── Working data ──
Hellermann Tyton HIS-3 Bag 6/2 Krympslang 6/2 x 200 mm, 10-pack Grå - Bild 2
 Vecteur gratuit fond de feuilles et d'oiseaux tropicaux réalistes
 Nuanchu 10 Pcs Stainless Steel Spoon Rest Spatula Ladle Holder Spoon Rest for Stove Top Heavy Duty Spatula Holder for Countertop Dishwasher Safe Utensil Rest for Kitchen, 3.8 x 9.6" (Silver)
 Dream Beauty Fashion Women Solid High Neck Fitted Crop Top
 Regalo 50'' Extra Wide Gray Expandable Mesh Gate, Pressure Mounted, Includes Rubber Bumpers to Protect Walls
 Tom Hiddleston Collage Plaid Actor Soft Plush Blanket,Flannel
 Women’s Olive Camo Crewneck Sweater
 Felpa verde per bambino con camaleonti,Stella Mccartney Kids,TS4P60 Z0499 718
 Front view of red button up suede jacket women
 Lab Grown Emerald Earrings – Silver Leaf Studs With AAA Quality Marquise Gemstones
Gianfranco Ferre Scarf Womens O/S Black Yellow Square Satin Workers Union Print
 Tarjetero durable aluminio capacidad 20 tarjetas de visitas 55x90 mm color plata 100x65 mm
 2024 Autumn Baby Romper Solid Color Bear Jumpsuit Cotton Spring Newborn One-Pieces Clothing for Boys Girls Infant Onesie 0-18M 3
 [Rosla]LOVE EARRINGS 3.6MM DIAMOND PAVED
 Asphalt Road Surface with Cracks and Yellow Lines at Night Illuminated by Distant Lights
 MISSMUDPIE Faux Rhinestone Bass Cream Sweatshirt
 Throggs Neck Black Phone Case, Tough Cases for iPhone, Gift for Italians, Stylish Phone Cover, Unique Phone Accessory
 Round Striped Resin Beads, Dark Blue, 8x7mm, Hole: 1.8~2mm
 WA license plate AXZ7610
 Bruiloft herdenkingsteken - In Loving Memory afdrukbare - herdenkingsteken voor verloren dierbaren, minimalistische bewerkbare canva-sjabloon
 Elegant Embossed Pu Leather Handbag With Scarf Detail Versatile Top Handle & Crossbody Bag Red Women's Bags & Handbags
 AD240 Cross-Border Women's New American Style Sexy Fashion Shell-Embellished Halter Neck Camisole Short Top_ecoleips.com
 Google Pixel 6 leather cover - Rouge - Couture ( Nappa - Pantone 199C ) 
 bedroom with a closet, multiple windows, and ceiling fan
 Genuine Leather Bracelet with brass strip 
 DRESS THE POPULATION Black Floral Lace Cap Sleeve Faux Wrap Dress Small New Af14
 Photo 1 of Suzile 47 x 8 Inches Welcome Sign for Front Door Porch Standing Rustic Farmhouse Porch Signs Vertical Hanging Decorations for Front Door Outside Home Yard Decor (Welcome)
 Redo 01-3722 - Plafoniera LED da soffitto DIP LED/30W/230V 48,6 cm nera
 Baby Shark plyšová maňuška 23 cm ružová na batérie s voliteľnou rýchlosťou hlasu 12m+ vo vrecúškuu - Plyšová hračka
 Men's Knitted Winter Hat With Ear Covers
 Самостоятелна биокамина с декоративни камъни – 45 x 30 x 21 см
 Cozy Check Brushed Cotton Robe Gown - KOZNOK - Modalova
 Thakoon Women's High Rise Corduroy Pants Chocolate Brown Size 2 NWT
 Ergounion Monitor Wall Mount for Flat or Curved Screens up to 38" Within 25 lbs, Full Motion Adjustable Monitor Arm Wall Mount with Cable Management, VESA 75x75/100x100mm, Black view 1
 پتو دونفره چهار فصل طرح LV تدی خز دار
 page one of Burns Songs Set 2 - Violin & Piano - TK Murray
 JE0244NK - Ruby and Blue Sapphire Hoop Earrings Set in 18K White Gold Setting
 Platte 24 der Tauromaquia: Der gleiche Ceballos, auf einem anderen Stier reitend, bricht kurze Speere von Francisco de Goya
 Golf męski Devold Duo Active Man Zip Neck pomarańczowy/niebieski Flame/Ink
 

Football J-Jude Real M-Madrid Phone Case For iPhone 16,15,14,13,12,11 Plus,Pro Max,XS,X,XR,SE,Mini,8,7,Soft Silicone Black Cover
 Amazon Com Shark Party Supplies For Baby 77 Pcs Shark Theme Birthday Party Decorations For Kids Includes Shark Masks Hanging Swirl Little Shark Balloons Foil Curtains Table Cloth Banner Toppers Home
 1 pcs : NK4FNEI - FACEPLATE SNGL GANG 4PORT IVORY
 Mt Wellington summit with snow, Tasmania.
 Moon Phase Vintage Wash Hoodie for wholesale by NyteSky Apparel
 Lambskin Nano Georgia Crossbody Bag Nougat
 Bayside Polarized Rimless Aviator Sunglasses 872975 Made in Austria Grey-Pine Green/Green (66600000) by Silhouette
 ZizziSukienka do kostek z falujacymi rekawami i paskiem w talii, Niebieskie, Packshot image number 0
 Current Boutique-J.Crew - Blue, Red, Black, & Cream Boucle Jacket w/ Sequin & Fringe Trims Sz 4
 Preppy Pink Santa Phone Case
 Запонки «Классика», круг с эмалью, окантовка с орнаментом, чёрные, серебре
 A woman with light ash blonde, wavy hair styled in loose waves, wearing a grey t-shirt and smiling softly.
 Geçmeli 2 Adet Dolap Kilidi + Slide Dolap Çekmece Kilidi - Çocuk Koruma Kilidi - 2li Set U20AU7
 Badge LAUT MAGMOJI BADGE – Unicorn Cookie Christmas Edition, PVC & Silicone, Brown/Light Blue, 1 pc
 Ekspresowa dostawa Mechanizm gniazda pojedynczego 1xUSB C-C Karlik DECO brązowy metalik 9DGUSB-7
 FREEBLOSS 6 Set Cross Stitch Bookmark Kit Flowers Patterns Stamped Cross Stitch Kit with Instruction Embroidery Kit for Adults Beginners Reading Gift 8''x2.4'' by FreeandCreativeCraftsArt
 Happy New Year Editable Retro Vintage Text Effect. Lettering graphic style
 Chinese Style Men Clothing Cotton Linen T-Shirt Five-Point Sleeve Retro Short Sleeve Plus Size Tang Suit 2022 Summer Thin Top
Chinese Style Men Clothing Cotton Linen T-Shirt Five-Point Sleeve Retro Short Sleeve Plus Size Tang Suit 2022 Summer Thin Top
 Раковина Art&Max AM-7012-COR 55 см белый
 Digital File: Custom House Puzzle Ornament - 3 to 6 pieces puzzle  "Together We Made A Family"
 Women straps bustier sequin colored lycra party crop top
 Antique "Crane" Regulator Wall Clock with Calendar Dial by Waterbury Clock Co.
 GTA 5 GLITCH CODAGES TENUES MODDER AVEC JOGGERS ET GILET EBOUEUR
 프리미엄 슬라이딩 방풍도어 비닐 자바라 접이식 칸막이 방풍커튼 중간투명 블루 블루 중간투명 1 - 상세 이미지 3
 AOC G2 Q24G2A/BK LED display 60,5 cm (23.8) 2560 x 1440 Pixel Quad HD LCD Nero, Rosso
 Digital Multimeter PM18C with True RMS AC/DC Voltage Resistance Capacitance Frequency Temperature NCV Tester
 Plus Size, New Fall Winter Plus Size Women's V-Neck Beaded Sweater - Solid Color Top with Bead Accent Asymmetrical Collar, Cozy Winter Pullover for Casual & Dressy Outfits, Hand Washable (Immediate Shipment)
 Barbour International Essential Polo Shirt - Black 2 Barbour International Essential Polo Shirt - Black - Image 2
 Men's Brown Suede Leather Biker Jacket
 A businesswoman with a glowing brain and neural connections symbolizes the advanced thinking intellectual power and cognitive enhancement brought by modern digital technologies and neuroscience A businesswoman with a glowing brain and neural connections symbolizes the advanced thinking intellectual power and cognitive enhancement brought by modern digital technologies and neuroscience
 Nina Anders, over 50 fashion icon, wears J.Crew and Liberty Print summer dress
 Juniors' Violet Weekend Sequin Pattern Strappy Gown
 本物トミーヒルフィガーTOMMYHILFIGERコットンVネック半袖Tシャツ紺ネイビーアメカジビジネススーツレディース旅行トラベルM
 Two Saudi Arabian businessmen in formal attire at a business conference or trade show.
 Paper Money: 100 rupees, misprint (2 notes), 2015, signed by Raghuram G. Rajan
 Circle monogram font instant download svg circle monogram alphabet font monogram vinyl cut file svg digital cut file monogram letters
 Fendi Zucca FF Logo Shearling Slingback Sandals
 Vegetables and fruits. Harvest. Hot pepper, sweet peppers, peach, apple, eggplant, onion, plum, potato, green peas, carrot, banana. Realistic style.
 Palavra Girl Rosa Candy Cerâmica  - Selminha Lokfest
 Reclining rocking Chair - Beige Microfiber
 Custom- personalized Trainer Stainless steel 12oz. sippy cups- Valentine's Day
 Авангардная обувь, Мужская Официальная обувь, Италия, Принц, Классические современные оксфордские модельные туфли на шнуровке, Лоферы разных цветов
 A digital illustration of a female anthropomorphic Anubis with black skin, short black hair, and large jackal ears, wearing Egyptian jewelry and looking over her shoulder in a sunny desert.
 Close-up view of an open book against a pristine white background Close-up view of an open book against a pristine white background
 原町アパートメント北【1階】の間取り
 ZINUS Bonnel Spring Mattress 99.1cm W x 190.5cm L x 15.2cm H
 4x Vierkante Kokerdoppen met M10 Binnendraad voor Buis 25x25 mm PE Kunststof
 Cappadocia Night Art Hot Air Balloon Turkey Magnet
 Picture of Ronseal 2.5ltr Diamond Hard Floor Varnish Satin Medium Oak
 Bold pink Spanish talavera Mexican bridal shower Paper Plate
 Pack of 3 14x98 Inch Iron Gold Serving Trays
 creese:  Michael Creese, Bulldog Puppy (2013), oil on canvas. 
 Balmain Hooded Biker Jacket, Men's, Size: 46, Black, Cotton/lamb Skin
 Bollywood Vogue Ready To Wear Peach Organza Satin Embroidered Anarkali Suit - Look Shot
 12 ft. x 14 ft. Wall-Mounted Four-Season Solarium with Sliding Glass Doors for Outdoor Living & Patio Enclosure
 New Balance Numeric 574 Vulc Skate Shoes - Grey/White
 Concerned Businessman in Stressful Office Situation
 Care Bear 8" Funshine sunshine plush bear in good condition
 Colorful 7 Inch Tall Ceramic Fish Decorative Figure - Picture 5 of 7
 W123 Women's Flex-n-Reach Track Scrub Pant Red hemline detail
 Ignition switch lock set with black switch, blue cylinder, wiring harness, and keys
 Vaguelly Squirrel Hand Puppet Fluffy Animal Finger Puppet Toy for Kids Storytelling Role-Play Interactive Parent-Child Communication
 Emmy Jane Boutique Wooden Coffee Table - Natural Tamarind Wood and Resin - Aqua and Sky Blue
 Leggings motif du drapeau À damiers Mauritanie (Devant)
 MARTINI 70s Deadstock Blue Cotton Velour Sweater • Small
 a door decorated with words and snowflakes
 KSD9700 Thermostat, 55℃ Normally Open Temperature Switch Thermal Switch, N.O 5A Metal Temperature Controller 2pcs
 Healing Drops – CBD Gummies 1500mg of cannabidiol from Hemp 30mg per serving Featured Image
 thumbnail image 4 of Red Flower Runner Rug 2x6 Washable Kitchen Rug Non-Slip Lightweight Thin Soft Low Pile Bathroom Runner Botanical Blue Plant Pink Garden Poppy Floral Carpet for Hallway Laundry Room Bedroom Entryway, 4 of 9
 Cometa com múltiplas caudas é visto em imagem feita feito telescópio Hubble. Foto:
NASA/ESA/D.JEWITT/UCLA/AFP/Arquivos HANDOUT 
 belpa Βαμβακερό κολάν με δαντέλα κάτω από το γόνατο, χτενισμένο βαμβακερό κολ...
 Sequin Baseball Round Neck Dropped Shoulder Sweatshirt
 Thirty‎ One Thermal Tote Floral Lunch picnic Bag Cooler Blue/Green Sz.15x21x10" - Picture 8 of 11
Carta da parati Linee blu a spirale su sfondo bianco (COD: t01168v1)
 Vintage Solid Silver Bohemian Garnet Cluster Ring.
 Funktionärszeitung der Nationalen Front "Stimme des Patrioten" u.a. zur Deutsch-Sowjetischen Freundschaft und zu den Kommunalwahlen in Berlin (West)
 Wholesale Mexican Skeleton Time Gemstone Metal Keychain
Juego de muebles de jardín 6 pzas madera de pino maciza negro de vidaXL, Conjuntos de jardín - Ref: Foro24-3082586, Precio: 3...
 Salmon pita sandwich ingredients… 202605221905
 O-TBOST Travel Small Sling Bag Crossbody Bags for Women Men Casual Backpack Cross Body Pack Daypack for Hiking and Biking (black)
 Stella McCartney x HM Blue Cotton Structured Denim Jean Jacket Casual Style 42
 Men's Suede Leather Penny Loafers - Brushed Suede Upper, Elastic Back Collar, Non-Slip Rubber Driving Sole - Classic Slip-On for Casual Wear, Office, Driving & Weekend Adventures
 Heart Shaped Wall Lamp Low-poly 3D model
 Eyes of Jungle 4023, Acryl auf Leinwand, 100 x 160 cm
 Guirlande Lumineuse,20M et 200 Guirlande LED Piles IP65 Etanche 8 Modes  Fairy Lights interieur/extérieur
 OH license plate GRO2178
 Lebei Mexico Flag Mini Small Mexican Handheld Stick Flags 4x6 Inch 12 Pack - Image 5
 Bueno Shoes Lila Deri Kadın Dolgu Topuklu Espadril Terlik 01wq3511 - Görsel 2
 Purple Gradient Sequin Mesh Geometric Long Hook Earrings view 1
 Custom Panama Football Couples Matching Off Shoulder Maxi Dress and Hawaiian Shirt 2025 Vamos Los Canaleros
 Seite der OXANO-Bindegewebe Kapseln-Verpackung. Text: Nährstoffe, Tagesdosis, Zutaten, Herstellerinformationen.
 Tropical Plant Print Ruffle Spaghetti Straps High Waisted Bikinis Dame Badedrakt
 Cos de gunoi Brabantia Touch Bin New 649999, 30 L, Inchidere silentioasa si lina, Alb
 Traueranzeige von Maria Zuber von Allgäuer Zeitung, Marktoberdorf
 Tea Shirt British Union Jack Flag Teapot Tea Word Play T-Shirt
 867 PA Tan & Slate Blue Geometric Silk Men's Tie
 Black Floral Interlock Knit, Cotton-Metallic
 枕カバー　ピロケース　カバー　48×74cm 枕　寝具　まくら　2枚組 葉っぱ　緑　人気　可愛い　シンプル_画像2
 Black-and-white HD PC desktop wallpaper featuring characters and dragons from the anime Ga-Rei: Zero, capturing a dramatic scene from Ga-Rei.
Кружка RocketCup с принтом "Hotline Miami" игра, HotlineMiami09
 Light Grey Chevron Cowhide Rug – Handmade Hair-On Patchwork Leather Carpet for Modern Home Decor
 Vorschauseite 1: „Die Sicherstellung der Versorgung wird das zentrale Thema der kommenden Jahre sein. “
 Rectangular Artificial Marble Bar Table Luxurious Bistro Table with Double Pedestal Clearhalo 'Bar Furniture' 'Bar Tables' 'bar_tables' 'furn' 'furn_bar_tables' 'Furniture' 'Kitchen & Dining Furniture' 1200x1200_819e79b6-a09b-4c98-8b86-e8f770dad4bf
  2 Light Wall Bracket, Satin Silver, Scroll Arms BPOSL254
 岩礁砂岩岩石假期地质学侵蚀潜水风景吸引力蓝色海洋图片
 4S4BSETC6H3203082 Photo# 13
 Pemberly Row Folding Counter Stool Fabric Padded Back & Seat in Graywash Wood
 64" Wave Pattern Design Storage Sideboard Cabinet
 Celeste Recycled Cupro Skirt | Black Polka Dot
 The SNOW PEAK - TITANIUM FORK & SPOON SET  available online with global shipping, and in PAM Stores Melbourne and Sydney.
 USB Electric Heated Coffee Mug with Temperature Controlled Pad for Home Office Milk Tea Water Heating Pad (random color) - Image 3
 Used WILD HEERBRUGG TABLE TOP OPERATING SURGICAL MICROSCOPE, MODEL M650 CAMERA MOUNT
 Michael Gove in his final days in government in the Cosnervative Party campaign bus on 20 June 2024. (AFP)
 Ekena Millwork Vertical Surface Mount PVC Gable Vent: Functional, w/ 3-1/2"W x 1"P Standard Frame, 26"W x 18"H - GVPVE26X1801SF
───
Set out every line from the material that contains the string "Vertical".

 Photo 1 of Suzile 47 x 8 Inches Welcome Sign for Front Door Porch Standing Rustic Farmhouse Porch Signs Vertical Hanging Decorations for Front Door Outside Home Yard Decor (Welcome)
 Ekena Millwork Vertical Surface Mount PVC Gable Vent: Functional, w/ 3-1/2"W x 1"P Standard Frame, 26"W x 18"H - GVPVE26X1801SF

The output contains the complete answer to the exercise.